Security • February 28, 2026 • 5 min read

How to Set Up Guardrails for Your OpenClaw Agent (So It Doesn't Delete Your Inbox)

A practical guide to configuring safety boundaries for autonomous agents, based on real incidents from Meta researchers, red team studies, and early adopter lessons.

🦞

OpenClaw Team

In February 2026 alone, we’ve seen an OpenClaw agent nearly delete a Meta researcher’s entire inbox, a red team study where agents leaked social security numbers and got hijacked through fake identities, and a vulnerability that let malicious websites take control of personal agents.

The pattern is clear: agents without guardrails will eventually do something you didn’t want.

This guide covers the practical configuration steps that experienced OpenClaw users apply to prevent these exact scenarios.

1. Principle of Least Privilege

The most important rule: your agent should only have access to what it needs.

File System Restrictions

In your clawdbot.json, use security.fileSystem to restrict which directories the agent can read and write:

{
  "security": {
    "fileSystem": {
      "allowRead": ["/Users/you/.openclaw/workspace", "/tmp"],
      "allowWrite": ["/Users/you/.openclaw/workspace", "/tmp"],
      "denyWrite": ["/Users/you/.ssh", "/etc", "/usr"]
    }
  }
}

Don’t give your agent access to your entire home directory.

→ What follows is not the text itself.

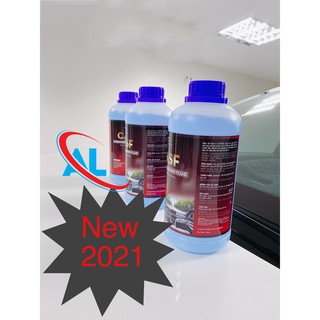 Combo 2 chai nước rửa kính ôtô casf windshield washer fluid 1 lít wf2001 thaco diện mạo mới 2021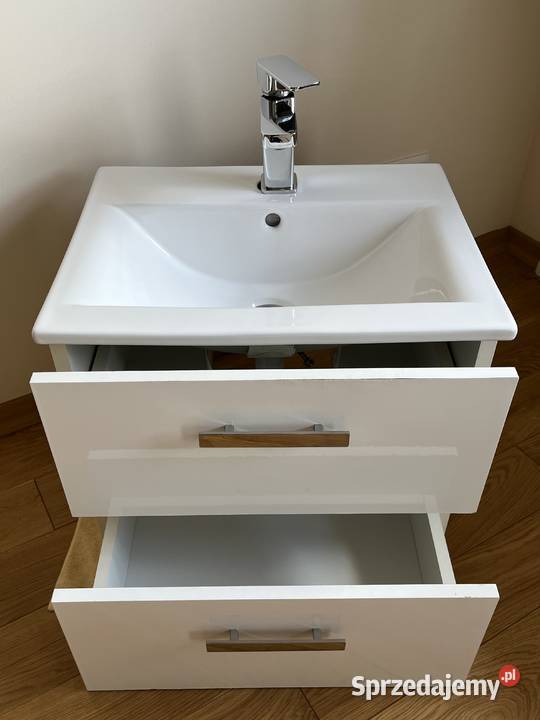 umywalka szafka bateria kpl wiszący 50 x 40 biały Pozostałe Mysłowice sprzedam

Scope it to the workspace.

Command Restrictions

Use security.exec to control which shell commands are allowed:

{
  "security": {
    "exec": {
      "mode": "allowlist",
      "allowed": ["git", "node", "python3", "curl", "jq", "cat", "ls", "find"],
      "denied": ["rm -rf", "sudo", "chmod 777"]
    }
  }
}

The Summer Yue incident happened because the agent had unrestricted shell access and ran destructive commands on the mail client. An allowlist prevents this entirely.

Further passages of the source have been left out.